If DOE’s order survives legal challenges, the FERC proceeding could provide a path forward after the two-year study, Tezak said. “We think there is the potential for the FERC’s resilience docket to provide information that could lead to DOE winding down if not ending altogether its potential market intervention.”
In addition, FERC will hear testimony at its annual technical conference on reliability July 31 to consider whether new NERC standards are needed to ensure “essential reliability services” (AD18-11). NERC has identified those services as including frequency and voltage support, ramping capability, operating reserves and reactive power. (See NERC Report Urges Preserving Coal, Nuke ‘Attributes’.)

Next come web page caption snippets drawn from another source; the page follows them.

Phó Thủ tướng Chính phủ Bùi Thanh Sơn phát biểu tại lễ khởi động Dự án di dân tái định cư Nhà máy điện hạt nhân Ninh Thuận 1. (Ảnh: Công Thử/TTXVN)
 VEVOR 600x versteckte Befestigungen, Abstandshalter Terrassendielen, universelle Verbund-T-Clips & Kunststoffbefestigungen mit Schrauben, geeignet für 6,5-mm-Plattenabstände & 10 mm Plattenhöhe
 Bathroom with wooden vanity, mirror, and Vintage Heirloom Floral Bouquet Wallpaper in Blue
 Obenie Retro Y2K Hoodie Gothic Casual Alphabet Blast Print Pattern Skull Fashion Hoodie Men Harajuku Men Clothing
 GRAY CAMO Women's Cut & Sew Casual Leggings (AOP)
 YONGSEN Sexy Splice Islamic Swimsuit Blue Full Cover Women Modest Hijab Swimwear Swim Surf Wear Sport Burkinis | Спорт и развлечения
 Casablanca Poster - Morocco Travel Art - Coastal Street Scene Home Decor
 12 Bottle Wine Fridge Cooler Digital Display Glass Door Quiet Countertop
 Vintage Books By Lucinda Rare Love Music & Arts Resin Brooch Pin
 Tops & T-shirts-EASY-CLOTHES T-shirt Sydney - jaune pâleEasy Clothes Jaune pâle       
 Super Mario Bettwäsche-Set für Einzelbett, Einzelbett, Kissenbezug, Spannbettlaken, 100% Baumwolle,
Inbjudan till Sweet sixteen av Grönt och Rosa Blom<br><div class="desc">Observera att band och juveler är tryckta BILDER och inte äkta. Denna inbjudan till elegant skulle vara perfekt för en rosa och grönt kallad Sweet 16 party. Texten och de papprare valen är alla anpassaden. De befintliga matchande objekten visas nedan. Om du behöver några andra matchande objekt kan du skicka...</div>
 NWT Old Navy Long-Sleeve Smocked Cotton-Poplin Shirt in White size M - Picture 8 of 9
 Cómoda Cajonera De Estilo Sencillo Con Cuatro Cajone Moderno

Chatterjee, Glick Call for Mandatory PL Standards
In a perhaps unlikely pairing, Commissioners Neil Chatterjee, a coal-state Republican, and Richard Glick, a carbon-conscious Democrat, joined Monday in an apparent effort to reassert FERC’s role in the debate. In a joint op-ed, they called for mandatory reliability standards for natural gas pipelines like those FERC and NERC enforce on the grid.
They noted that the Transportation Security Administration, which has responsibility for securing natural gas, oil and hazardous liquid pipelines, relies on voluntary cybersecurity standards. “In May 2017, TSA confirmed that it had just six full-time employees” overseeing pipeline security, they wrote.
“Given the high stakes, Congress should vest responsibility for pipeline security with an agency that fully comprehends the energy sector and has sufficient resources to address this growing threat,” they continued. “The Department of Energy could be an appropriate choice: It is the sector-specific agency for energy security and recently created its own cybersecurity office.”
How Will it Affect Emissions?
Because the bailout would cover both coal and nuclear plants, there is disagreement on how it would affect carbon emissions.
As of March, according to EIA, 21.2 GW of coal generation and 6.2 GW of nuclear capacity were scheduled to retire through 2027. EIA’s list does not include FirstEnergy’s announcement in late March that it will close its Davis-Besse, Perry and Beaver Valley nuclear plants, which total about 3.9 GW, by 2021.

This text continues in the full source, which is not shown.